In some cases, you might opt to reduce costs by choosing an instance type that can't hold all of the targeted models in memory at once. Amazon SageMaker dynamically unloads models when it runs out of memory to make room for a newly targeted model. For infrequently requested models, you are going to pay a price with the dynamic load latency. In cases with more stringent latency needs, you might opt for larger instance types or more instances. Investing time up front for proper performance testing and analysis will pay great dividends in successful production deployments.

You can use the Average statistic of the ModelCacheHit metric to monitor the ratio of requests where the model is already loaded. You can use the SampleCount statistic for the ModelUnloadingTime metric to monitor the number of unload requests sent to the container during a time period. If models are unloaded too frequently (an indicator of thrashing, where models are being unloaded and loaded again because there is insufficient cache space for the working set of models), consider using a larger instance type with more memory or increasing the number of instances behind the multi-model endpoint.

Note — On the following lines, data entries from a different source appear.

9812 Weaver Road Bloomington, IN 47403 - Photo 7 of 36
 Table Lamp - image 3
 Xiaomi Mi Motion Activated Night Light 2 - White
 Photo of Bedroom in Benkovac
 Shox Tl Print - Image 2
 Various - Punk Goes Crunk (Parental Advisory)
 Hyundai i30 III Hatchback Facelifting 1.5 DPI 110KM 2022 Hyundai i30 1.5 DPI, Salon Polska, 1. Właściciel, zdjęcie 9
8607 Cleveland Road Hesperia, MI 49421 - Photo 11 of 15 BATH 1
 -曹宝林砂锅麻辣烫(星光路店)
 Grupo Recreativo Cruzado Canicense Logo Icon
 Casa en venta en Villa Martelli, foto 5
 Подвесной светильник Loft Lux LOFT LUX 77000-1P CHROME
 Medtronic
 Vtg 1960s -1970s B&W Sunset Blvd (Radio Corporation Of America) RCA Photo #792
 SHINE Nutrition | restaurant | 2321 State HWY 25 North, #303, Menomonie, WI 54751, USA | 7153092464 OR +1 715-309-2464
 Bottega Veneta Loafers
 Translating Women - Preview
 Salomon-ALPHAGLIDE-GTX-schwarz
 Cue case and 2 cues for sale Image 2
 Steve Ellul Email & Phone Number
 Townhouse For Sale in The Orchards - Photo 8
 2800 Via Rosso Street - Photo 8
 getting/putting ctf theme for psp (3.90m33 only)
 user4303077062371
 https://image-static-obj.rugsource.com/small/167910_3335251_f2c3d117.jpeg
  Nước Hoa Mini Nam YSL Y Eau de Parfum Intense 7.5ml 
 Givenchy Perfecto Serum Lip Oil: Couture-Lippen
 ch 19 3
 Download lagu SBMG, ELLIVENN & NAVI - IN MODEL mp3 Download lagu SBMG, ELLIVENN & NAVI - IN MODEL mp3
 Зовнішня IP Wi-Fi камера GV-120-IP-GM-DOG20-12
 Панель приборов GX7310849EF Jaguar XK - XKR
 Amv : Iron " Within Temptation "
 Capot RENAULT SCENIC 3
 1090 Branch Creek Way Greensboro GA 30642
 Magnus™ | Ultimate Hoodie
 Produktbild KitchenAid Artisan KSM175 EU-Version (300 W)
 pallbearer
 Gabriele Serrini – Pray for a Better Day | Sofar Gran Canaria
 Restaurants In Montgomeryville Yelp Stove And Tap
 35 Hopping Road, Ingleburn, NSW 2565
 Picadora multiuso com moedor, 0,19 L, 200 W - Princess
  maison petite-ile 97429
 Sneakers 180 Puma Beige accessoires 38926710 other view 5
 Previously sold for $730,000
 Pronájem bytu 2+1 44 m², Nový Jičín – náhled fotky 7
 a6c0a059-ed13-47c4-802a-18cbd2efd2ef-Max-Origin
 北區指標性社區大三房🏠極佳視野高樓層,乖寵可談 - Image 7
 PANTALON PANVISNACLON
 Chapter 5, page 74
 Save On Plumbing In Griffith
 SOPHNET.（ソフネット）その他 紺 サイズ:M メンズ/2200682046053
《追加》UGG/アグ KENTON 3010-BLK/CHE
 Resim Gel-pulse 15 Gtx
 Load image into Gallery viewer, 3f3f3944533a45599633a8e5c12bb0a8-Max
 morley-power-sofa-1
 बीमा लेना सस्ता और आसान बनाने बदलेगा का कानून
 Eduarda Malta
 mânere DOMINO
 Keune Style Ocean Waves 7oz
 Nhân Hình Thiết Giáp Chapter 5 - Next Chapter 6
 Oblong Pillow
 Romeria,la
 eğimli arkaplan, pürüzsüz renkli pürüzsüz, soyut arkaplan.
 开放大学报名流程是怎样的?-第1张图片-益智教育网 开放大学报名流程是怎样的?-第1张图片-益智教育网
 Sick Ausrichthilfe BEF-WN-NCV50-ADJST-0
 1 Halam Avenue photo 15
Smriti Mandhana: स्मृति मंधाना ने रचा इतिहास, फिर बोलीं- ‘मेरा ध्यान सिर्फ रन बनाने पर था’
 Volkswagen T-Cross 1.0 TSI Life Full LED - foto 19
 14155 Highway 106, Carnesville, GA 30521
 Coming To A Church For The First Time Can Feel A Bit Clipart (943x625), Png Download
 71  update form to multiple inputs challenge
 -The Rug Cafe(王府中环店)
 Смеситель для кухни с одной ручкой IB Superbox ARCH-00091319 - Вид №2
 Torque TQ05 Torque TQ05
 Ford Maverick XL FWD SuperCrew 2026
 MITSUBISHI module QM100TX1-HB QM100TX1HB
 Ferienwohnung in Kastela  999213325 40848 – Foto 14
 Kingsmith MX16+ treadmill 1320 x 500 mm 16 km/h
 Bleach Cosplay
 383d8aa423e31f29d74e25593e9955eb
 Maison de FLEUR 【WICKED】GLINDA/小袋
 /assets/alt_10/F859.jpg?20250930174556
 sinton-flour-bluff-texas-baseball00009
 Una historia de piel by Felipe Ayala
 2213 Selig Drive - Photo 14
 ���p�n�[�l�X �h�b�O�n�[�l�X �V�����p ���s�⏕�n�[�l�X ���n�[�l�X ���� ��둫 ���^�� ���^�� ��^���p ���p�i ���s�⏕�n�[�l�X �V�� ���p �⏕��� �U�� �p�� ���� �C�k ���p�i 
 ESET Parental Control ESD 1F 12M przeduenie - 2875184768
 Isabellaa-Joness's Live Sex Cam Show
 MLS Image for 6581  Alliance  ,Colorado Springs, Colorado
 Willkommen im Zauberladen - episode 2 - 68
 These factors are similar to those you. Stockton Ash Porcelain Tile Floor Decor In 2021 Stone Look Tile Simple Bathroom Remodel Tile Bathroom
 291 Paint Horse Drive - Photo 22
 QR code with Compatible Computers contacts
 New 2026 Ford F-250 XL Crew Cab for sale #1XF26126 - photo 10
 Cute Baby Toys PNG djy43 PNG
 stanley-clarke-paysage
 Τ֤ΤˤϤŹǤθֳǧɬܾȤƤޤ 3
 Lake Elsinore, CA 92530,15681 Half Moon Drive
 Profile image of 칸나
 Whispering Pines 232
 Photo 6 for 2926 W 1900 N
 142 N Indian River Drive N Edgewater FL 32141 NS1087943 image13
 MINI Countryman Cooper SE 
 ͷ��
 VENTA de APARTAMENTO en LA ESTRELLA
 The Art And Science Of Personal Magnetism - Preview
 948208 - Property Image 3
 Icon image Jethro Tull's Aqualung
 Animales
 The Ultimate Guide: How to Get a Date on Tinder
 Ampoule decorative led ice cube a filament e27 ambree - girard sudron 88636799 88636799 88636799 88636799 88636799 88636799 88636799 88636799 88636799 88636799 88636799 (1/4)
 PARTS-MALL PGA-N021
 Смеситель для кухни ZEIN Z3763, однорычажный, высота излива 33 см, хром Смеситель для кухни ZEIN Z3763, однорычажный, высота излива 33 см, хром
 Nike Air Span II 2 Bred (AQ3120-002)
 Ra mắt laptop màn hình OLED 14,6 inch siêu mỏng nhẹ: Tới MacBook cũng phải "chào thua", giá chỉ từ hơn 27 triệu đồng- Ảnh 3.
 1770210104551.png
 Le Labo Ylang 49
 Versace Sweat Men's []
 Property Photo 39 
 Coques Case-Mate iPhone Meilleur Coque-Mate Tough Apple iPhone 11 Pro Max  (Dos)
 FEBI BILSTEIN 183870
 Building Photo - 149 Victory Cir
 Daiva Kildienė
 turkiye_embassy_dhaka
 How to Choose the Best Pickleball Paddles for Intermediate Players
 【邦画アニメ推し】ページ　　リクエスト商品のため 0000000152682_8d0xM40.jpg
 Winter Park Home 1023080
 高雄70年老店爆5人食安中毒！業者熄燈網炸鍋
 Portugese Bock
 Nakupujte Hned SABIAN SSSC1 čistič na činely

For multi-model endpoints with multiple instances, be aware that a model might be loaded on more than 1 instance.

Amazon SageMaker multi-model endpoints fully supports Auto Scaling, which manages replicas of models to ensure models scale based on traffic patterns. We recommend that you configure your multi-model endpoint and the size of your instances by considering all of the above and also set up auto scaling for your endpoint. The invocation rates used to trigger an auto-scale event is based on the aggregate set of predictions across the full set of models served by the endpoint.